Mark Sarbiewski | TrustRadius Reviewer
Score 7 out of 10
Vetted Review
Verified User

Overall Satisfaction with EverString

It is being used by sales and marketing to identify target accounts by vertical and geography. Marketing is the primary user.
  • EverString has a compelling compilation of company data for the U.S. market, with detailed info on company size, revenue, and tech stack.
  • EverString makes it easy to slice and dice their data to create groups of companies for further analysis. It is particularly nice that EverString can take some or all of your current customers as the primary input to create the model against which fit and pattern matching is evaluated.
  • It is straightforward to save, further analyze, and publish the end target list of accounts.
  • EverString could/should expand to international markets, or at least the top 20-25 countries by GDP. That would significantly increase the value for global companies.
  • One of the challenges with EverString is that, while the data set is impressive, it's fairly static. I think EverString could/should work to get my dynamic purchase intent and/or research data into the product and enable alerts whenever companies move in/out or up/down in fit score.
  • We use EverString in combination with Discover.Org as the 'whole solution', as we need both the target accounts and the contacts in those accounts to enable our go-to-market. Would be great if that combo was all part of the same solution.
EverString is relatively easy to use, so doesn't require much training. There are some nuances and unknown aspects to how the modeling and fit score works that are important to know. It's not specifically a training issue in the use of the product, but rather training on how the modeling works so that users understand how their filtering choices will affect their results. For example, when a user puts in a particular set of tech filters, the system doesn't expand the list or add points to the score when that tech set is present in the EverString data, which would be a valid way to use that data. Rather, EverString keeps their fit score algorithm exactly the same, and simply filters out all companies who don't have the tech set present. I'd personally like the model to be used both ways (if tech X is found, add fit points OR keep only fit companies with tech X).
I would say we are 80% satisfied. We do close reviews and market-testing of the account lists, and then being outbound marketing cadences to the final list of accounts. By and large, most of the accounts seem to be reasonable fits, and getting the list of accounts from EverString is far quicker and more expansive than manual research.

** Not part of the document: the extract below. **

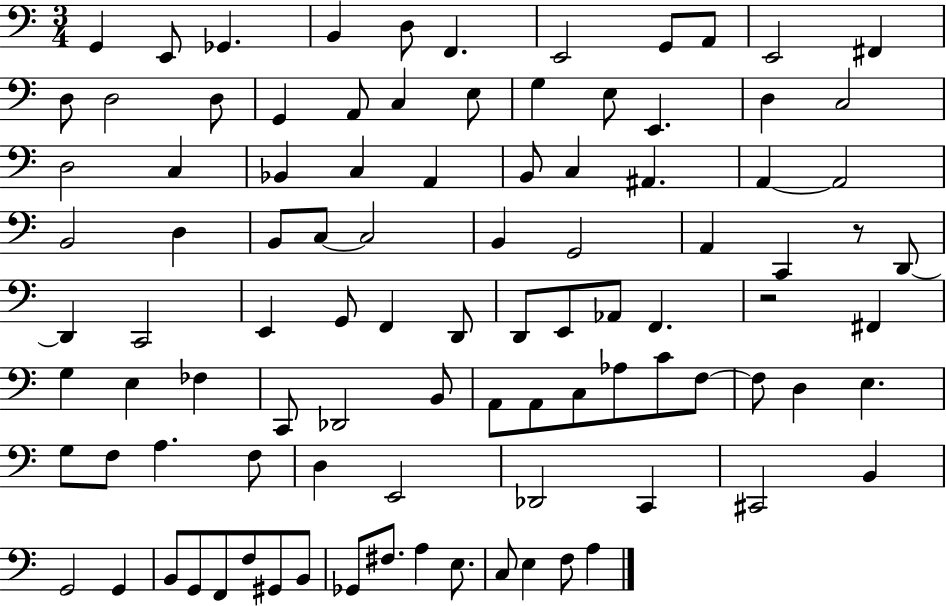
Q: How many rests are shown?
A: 2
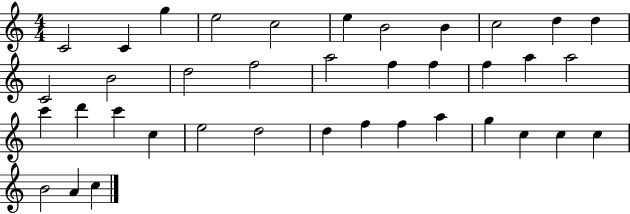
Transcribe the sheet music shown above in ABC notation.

We've tried to use the data enrichment capabilities a bit, but have ended up using DiscoverOrg for that instead. Better and rich info.

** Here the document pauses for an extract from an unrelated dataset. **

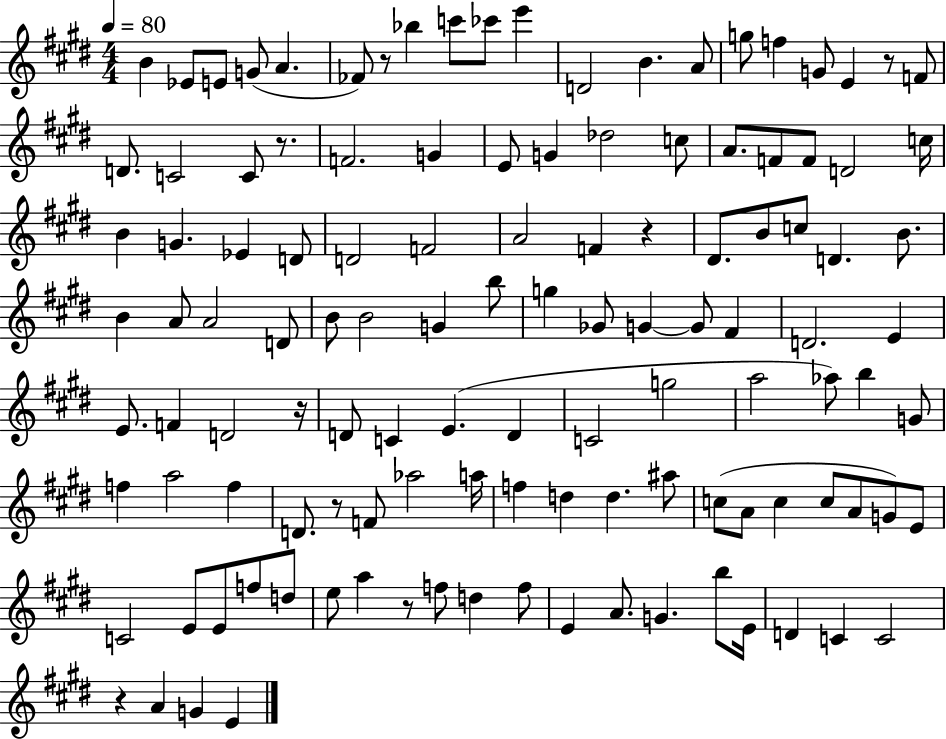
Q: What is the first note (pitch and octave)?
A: B4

Very simply - EverString is either the source or validation of the list of target accounts by vertical.
Honestly, the sales teams use EverString sparingly. The major use was to develop the list of target accounts for each rep. After that, they use DiscoverOrg for prospect contact info and intent, as well as contact info that the Marketing team has data-mined from other sources.
The biggest impact has been expanding the list of qualified target accounts from about 300 to 1000. From there, we've added ~10 contacts per account, which has expanded our reach by ~7000 names. We get about 30% of our meetings and opportunities from our target account list and contacts.

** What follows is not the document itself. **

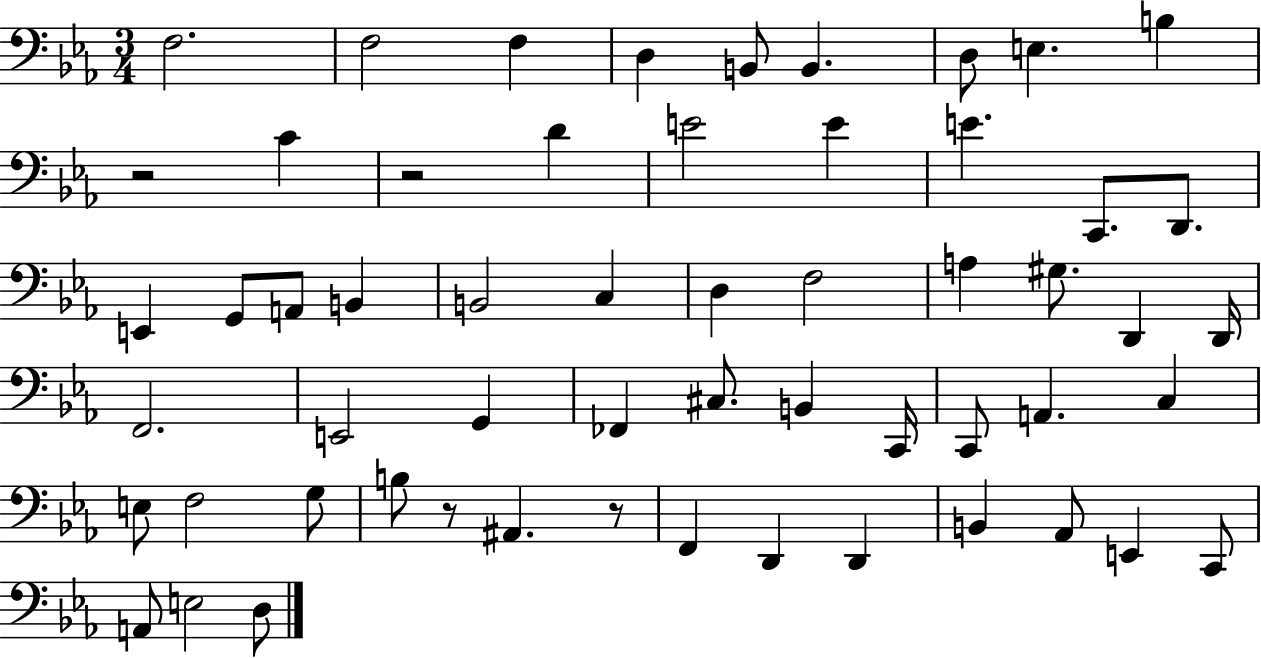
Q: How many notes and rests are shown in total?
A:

It wasn't quite an apples to apples match, but we looked at or used EverString, Engagio, ZoomInfo, DiscoverOrg, Distribution Engine, and LeanData. We ended up using ZoomInfo, DiscoverOrg, LeanData, and EverString as our core set of tools. EverString for account identification. DiscoverOrg and Zoom for contact and intent info. And LeanData for ABM and lead distribution.
When you are building out your target account plans, EverString is great. Also when you are expanding your market or targeting new verticals.

EverString is less valuable when you're looking to build up/out your contact database for a set of known target accounts.